The letter was drafted by the digital privacy advocacy group Electronic Privacy Information Center (EPIC) and signed by organizations including the Electronic Frontier Foundation, Color of Change, Fight for the Future, Popular Resistance, and the Consumer Federation of America. The letter calls on the Privacy and Civil Liberties Oversight Board (PCLOB) to “recommend to the President and the Secretary of Homeland Security the suspension of facial recognition systems, pending further review.“
The PCLOB was originally created in 2004, as an independent agency that advises the administration on privacy issues.
“The Congress specifically found that new surveillance powers ‘calls for an enhanced system of checks and balances to protect the precious liberties that are vital to our way of life and to ensure that the Government uses its powers for the purposes for which the powers were given’,” the letter states.
The organizations challenge the PCLOB to “examine the more significant public concerns about the use of facial recognition in public spaces.” They also call on the board to address concerns that facial recognition software can be used by “authoritarian governments to control minority populations and limit dissent could spread quickly to democratic societies.“
The letter from EPIC mentions a recent New York Times investigation of a facial recognition service used by more than 600 law enforcement agencies across the country.
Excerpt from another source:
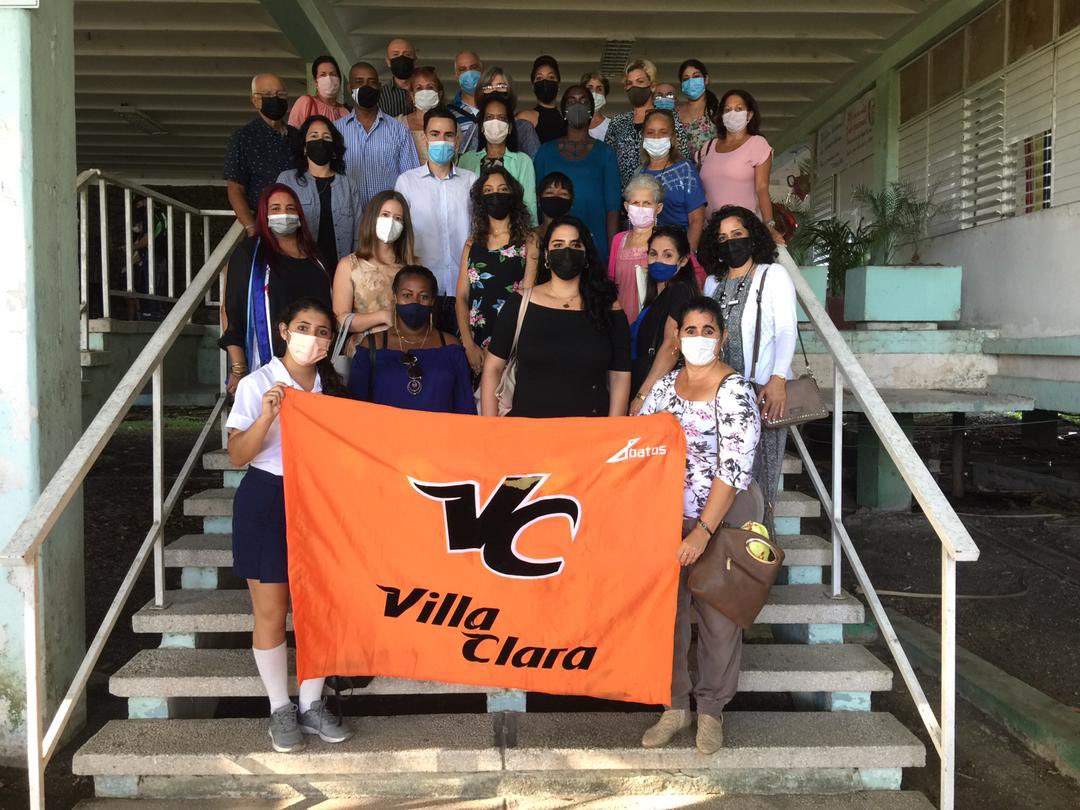 Se realiza encuentro de pedagogos entre las escuelas pedagógicas de Villa Clara y Cienfuegos.Como resultado del encuentro se firmo convenio entre las escuelas para crecer en conocimientos pedagógicos y metodológicos. <a href="/AdaAndr34319535/">Ada Andrade</a> <a href="/elsa_ena/">Ena Elsa Velázquez Cobiella</a> <a href="/dpevillaclara/">DGEP Villa Clara</a> <a href="/CubaMined/">MINED</a>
As the Mind Unleashed recently reported, Manhattan-based Clearview AI is collecting data from unsuspecting social media users and the Chicago Police Department (CPD) is using the controversial facial recognition tool to pinpoint the identity of unknown suspects. The Times investigation shows that the FBI and the Department of Homeland Security are also using the controversial tool.
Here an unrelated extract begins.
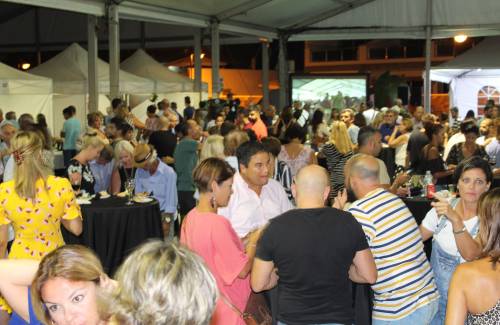 La Noche de Vinos y Tapas de Playa de Mogán, gran antesala de la IV Feria del Mango y del Aguacate de Verano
The MIT Technology Review believes EPIC’s letter is “one of the biggest efforts so far in the fight to stem the use of facial recognition technologies.“
And while these 40 organizations call on the PCLOB to make an official recommendation, there are already examples of push back against facial recognition. San Francisco and Somerville, Massachusetts recently became the first local governments to ban the use of facial recognition tools. The European Commission is also considering a ban on facial recognition in public for five years. In June 2019, the Georgetown Law Center on Privacy & Technology released a report titled “America Under Watch: Face Surveillance in the United States” which calls for a moratorium on facial recognition technology.
In June 2019, I also noted that “the editorial board of the Guardian also recently spoke out about the privacy threats, calling the technology ‘especially inaccurate and prone to bias.’ The editorial board also noted that a recent test of Amazon’s facial recognition software by the American Civil Liberties Union found that it falsely identified 28 members of Congress as known criminal.“
Whether or not the PCLOB or some other government agency chooses to take action on a moratorium on facial recognition, it is imperative that consumers begin educating themselves about the technology and take steps to protect their privacy. While we are limited in how often our faces are scanned in public, we can voluntarily opt-out of facial scanning at airports, grocery stores, and other locations.
We cannot depend on the government to protect our privacy and liberty. We must take action and guard what little privacy remains before it’s too late.